For other declinations, the effects are more complicated and approximate methods of analysis must be employed. Chapter 13 of Reference 1 in Documentation considers the average reduction in image amplitude due to finite time averaging. The results are summarized in Table 3.5.2, showing the time averaging in seconds which results in 1%, 5% and 10% loss in the amplitude of a point source located at the first null of the primary beam. These results can be extended to objects at other distances from the phase tracking center by noting that the loss in amplitude scales with (θΔtint)2, where θ is the distance from the phase center and Δtint is the averaging time. We recommend that observers reduce the effect of time-average smearing by using integration times as short as 1 or 2 seconds (also see the section on Time Resolution and Data Rates) in the A and B configurations.

Table 3.5.2: Averaging Time for a Given Amplitude Loss
Amplitude loss
Configuration 1.0% 5.0% 10.0%
A 2.1 4.8 6.7
B 6.8 15.0 21.0
C 21.0 48.0 67.0
D 68.0 150.0 210.0

Note: The averaging time (in seconds) results in the listed amplitude losses for a point source at the antenna first null. Multiply the tabulated averaging times by 2.4 to get the amplitude loss at the half-power point of the primary beam. Divide the tabulated values by 4 if interested in the amplitude loss at the first null for the longest baselines.

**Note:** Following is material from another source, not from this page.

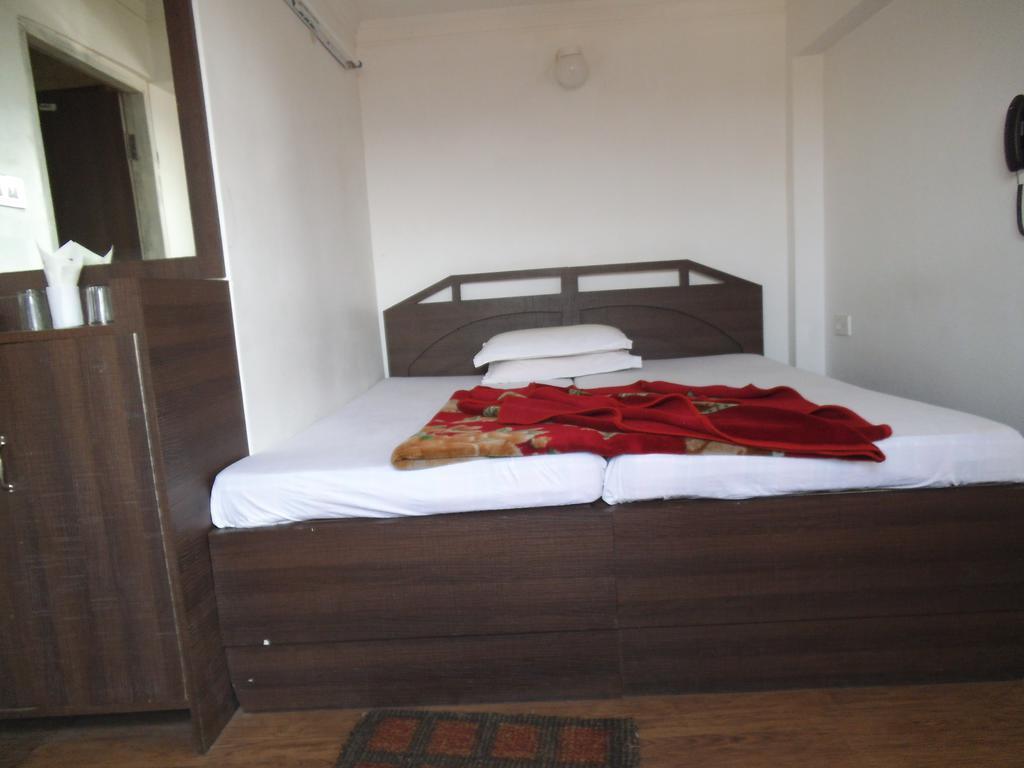 City Centre Hotel Agartala Phòng bức ảnh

Note: For both the chromatic aberration and the time-averaging loss, the issue is not a simple reduction in amplitude for sources far from the phase center, but a convolution to the extent that a point source far from the phase center will become resolved due to bandwidth and/or time smearing. Furthermore, the description given above for the bandwidth smearing is based on the assumption that the radiation is monochromatic to parameterize the smearing, and does not take into account the consequences of having wide-bandwidths as is the case for the VLA. Therefore, while proposing and planning for VLA observations, and depending on the objectives of the science and the location of the sources of interest within the field, including confusing sources which may be far outside the science field, the above noted guidelines need to be used to conservatively estimate the proper channel width and the correlator integration time in order to minimize the effects of the bandwidth smearing and the time smearing, respectively.


Non-Coplanar Baselines

The procedures by which nearly all images are made in Fourier synthesis imaging are based on the assumption that all the coherence measurements are made in a plane. This is strictly true for E-W interferometers, but is false for the VLA with the single exception of snapshots. Analysis of the problem shows that the errors associated with the assumption of a planar array increase quadratically with angle from the phase-tracking center. Serious errors result if the product of the angular offset in radians times the angular offset in synthesized beams exceeds unity: θ > λB/D2, where B is the baseline length, D is the antenna diameter, and λ is the wavelength, all in the same units. This effect is most noticeable at 90 cm and 20 cm in the larger configurations, but will be notable in wide-field, high fidelity imaging for other bands and configurations.

Solutions to the problem of imaging wide-field data taken with non-coplanar arrays are well known, and have been implemented in AIPS task IMAGR and CASA task clean. Refer to the package help files for these tasks, or consult with the NRAO Helpdesk for advice. More computationally efficient imaging with non-coplanar baselines is being investigated, such as the W-projection method available in CASA (see EVLA Memo 67 for more details).